Comment by friendly_chap
12 years ago
"Rule 5. Data dominates. If you've chosen the right data structures and organized things well, the algorithms will almost always be self-evident. Data structures, not algorithms, are central to programming."
Quite ironic coming from the creator of Go. Algebraic data types, anyone?
I don't see the irony. Data structures and data types are two different axis.
You can argue that advanced language constructs will make it easier to write correct code to implement data structures, but it's not a magic bullet.
The Go authors argue that a simple programming language with loops, pointers and arrays is all you need to implement any data structure you need.
I find this a good example of a data structure for which I see little or no benefit in being modeled as an ADTs:
http://research.swtch.com/sparse
Even simple things like doubly linked lists are complicated with ADTs.
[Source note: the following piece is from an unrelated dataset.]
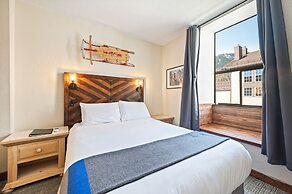 Hotel Leavenworth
On the other hand I don't know about good examples of ADTs used outside of the context of functional programming, do you have some pointers?
"You can argue that advanced language constructs will make it easier to write correct code to implement data structures, but it's not a magic bullet."
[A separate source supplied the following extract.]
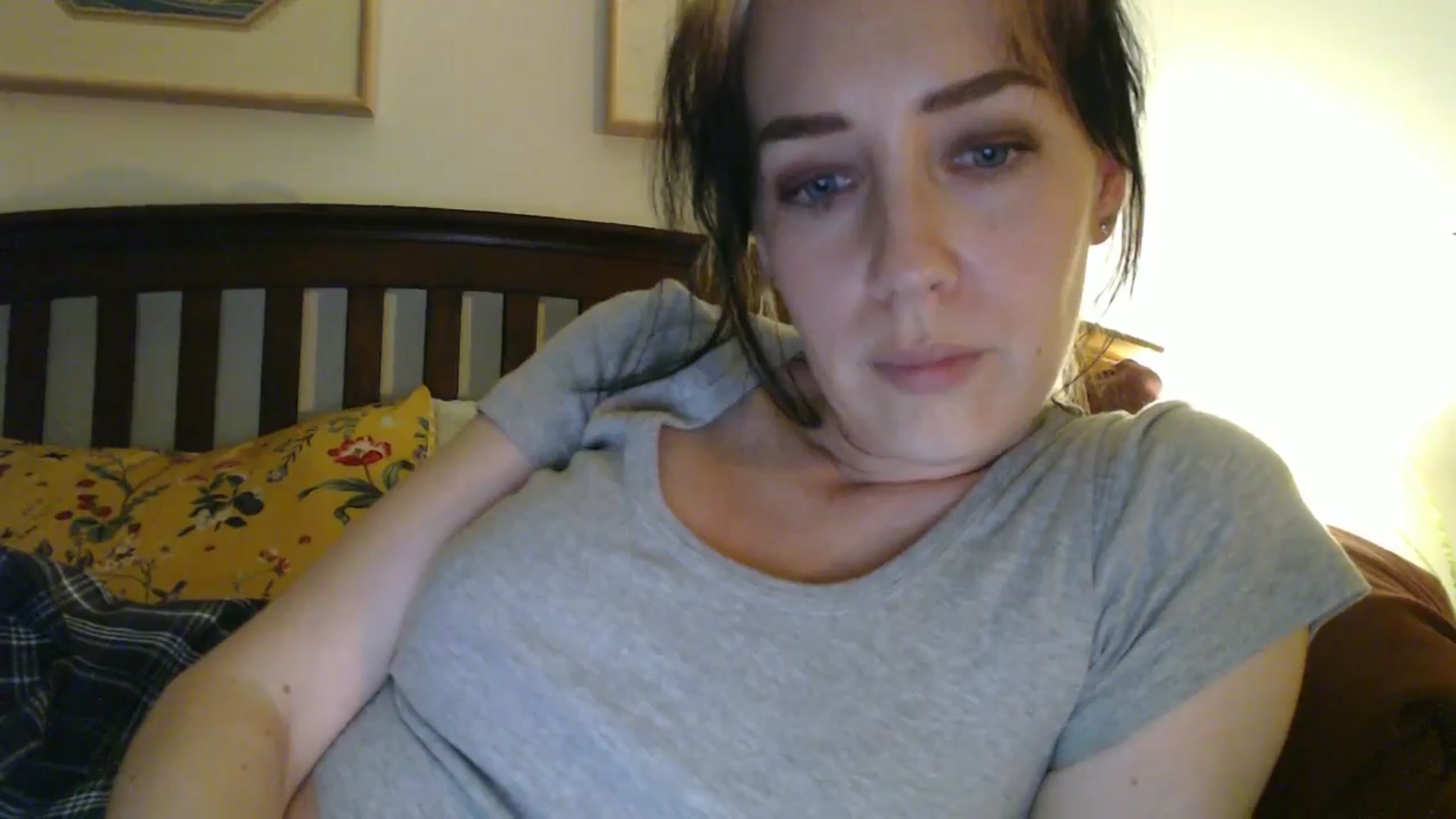 Gallery image thumbnail from NahlaHoney's myfreecams stream on, 08/27/2024, 04:29 image 11 of 20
There is nothing advanced about ADTs.
"The Go authors argue that a simple programming language with loops, pointers and arrays is all you need to implement any data structure you need."
It's all about increasing the level of abstraction. There is a reason we don't code in assembly anymore. Of course machine code is all you need to implement any data structure, but how convenient is it?
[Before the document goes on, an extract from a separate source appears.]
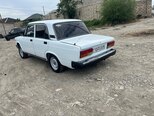 LADA (VAZ) 2107-4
"I find this a good example of a data structure for which I see little or no benefit in being modeled as an ADTs:"
So you found a single counterexample which (according to you) would not benefit from ADTs.
" On the other hand I don't know about good examples of ADTs used outside of the context of functional programming, do you have some pointers?"
I dislike pointers (a necessary evil if you have mutation I guess...), but here is one example:
data Gender = Male | Female vs type Gender int; const ( Male Gender = iota; Female )
Combine the first with pattern matching and you find yourself in awesomenessland (ie. code becomes readable, type safe).
>> On the other hand I don't know about good examples of ADTs used outside of the context of functional programming, do you have some pointers? > I dislike pointers (a necessary evil if you have mutation I guess...), but here is one example
Perhaps there was a misunderstanding. I asked you if you had some links to some interesting examples of ADT outside the context of functional programming. Because I was assuming that this wasn't a discussion about Go vs purely functional data structures.
Your example clearly shows the benefits of strong typing with fully described types. My point that this is orthogonal with Rob Pike's position about the importance of data structures.
Data structures exist independently on how we represent them. I don't see any irony or conflict in highlighting the importance of data structure vs. implementing language features that make it easier to write correct implementation of them.
> It's all about increasing the level of abstraction.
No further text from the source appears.